Question

How do you solve \[7y-2\left( 8y+1 \right)=4\]?

Answer 1

Hint: This type of question is based on the concept of converting linear equations with one variable. We have to first use distributive property, that is, \[a\left( b+c \right)=ab+ac\]. We then have to group the y terms and constants in the left-hand side of the equation and right-hand side of the equation respectively. Then, divide the whole equation by -9 to get the value of y which is the required solution.

Complete step-by-step solution:
According to the question, we are asked to find the value of y in the equation \[7y-2\left( 8y+1 \right)=4\].
We have been given the equation is \[7y-2\left( 8y+1 \right)=4\]. ----------(1)
Here the variable is y.
First, we have to consider equation (1) and use distributive property \[a\left( b+c \right)=ab+ac\] in the left-hand side of the equation (1).
\[\Rightarrow 7y-2\times 8y-2\times 1=4\]
On further simplification, we get
\[\Rightarrow 7y-16y-2=4\]
Take y common from the first two terms of the equation.
\[\Rightarrow \left( 7-16 \right)y-2=4\]
Since 7-16=-9, we get
\[\Rightarrow \left( -9 \right)y-2=4\]
Let us now add 2 from both the sides of the equation. We get
\[\Rightarrow \left( -9 \right)y+2-2=4+2\]
Terms with the same magnitude and opposite signs cancel out.
Therefore, \[\left( -9 \right)y=4+2\]
On further simplification, we get
\[\Rightarrow -9y=6\]
Let us now divide the whole equation by -9 to convert the coefficient of y to 1.
\[\Rightarrow \dfrac{-9y}{-9}=\dfrac{6}{-9}\]
Since the numerator and denominator have -9 as common, we can cancel them out.
\[\Rightarrow y=\dfrac{6}{-9}\]
On further simplification, we get
\[\Rightarrow y=-\dfrac{2\times 3}{3\times 3}\]
Cancelling out the common term 3 from the numerator and denominator, we get
\[y=-\dfrac{2}{3}\]
Hence, the value of y in the equation \[7y-2\left( 8y+1 \right)=4\] is \[-\dfrac{2}{3}\].

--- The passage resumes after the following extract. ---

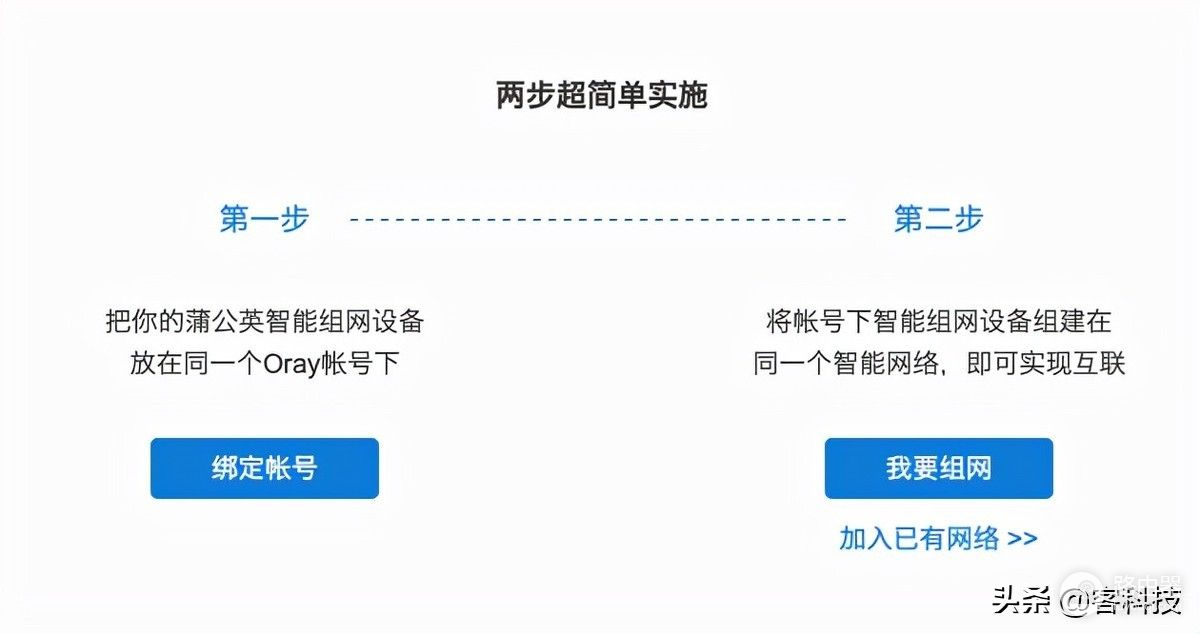 4g 路由器组网(百元级4g路由器，上网自由还能智能组网，蒲公英X4C开箱)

Note: We should always keep the variable in the left-hand side and the constants in the right-hand side of the equation. We should not make calculation mistakes based on sign conventions.
We can check whether the obtained solution is correct or not.
Substitute the value of y in the given equation \[7y-2\left( 8y+1 \right)=4\].
Consider the LHS.
LHS=\[7y-2\left( 8y+1 \right)\]
On substituting \[y=-\dfrac{2}{3}\], we get
LHS=\[7\left( \dfrac{-2}{3} \right)-2\left( 8\left( \dfrac{-2}{3} \right)+1 \right)\]
On using distributive property, we get
LHS=\[7\left( \dfrac{-2}{3} \right)-2\times 8\left( \dfrac{-2}{3} \right)-2\]
LHS=\[7\left( \dfrac{-2}{3} \right)-16\left( \dfrac{-2}{3} \right)-2\]
Taking the common terms out, we get
LHS=\[\left( 7-16 \right)\left( \dfrac{-2}{3} \right)-2\]
LHS=\[\left( -9 \right)\left( \dfrac{-2}{3} \right)-2\]
Cancelling the common terms from the numerator and denominator, we get
LHS=\[\left( -3\times -2 \right)-2\]
LHS=\[6-2\]
LHS=4
We know that RHS=4
Therefore, LHS=RHS.
Hence, the obtained answer is correct.